Well, this contribution for Sue Vincent’s #writephoto is partly based on truth. This past week a mass of dragonflies showed up on radar startling meteorologists (or not; it’s a writer thing to say they were startled, right?).
Anyway, thanks to Sue. I always have some fun writes with this prompt.
Joey laughs as he tells me the story of the clouds showing up on radar despite clear skies. “They were thousands of migrating dragonflies.”
I pause, my hands in soapy water as I wash pots. “I didn’t know dragonflies migrated.” I guess I never thought about dragonflies other than the beautiful creatures winging around water.
“It even made the news. Google it,” he says.
I smile, except happiness is the last thing I feel. Not so long ago, I loved autumn. The chill in the air, the fragrance of woodsmoke, the crackle of leaves underfoot. Now it’s a reminder of lost things, losing things, the invincible passage of time. I used to get excited because Halloween would be coming, followed so quickly by Thanksgiving and Christmas. Such a magical time with the short days and long evenings, the crickets chirping and then the hush. Perhaps it’s the hush now that frightens me most of all.

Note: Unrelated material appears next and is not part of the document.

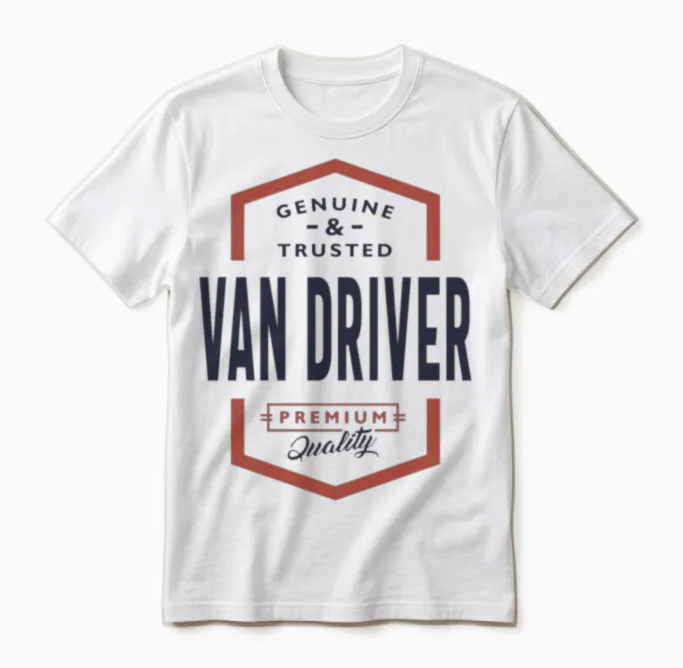 Van Driver Gift Funny Job Title Profession Unisex T-Shirt in White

Joey takes a long swallow from his beer bottle, some fragrant IPA that reminds me of flowers. His eyes narrow. He sets aside the bottle, comes up behind me, and runs his hands up and down my arms while his lips nuzzle my neck.
“I’m sorry,” he says.
I try out a laugh. “Why on earth?”
“Because I forget sometimes how hard this time of year is for you.”
“No. No one has to tip toe around.”
Joey hugs me tighter. How did I get so lucky to find someone so sensitive? So tuned in…to me?
“Dragonflies, Meggy. Thousands of dragonflies that looked like storms.”
I close my eyes. “I miss her.”
“I know. She was one of a kind. What’s the line from ‘Vincent’… ‘the world was never meant for one as beautiful as you.’”
I bow my head and he holds me tighter. I can almost hear Jasmine entering the kitchen, sighing. “Twenty years together and you two still act like honeymooners.” And then she’d cackle because when she was well, my little sister found everything funny, even if it wasn’t. A talent. Or a sickness.
The heating shudders on with that smell of first season heating, like something’s burning.
I place my hands on Joey’s and squeeze. “I love you so much,” I say because I need him to know. Because maybe I failed on telling my sister that she was loved.
“Yeah. I love you…and dragonflies. Dragonflies, Meggy, thousands and thousands of dragonflies.”
I laugh and smack his hand. Dragonflies.
I read once that Native Americans believe dragonflies symbol resurrection and renewal. Maybe Jasmine’s alight, soaring high, causing weather disruptions, as only she could. Hope flutters through me.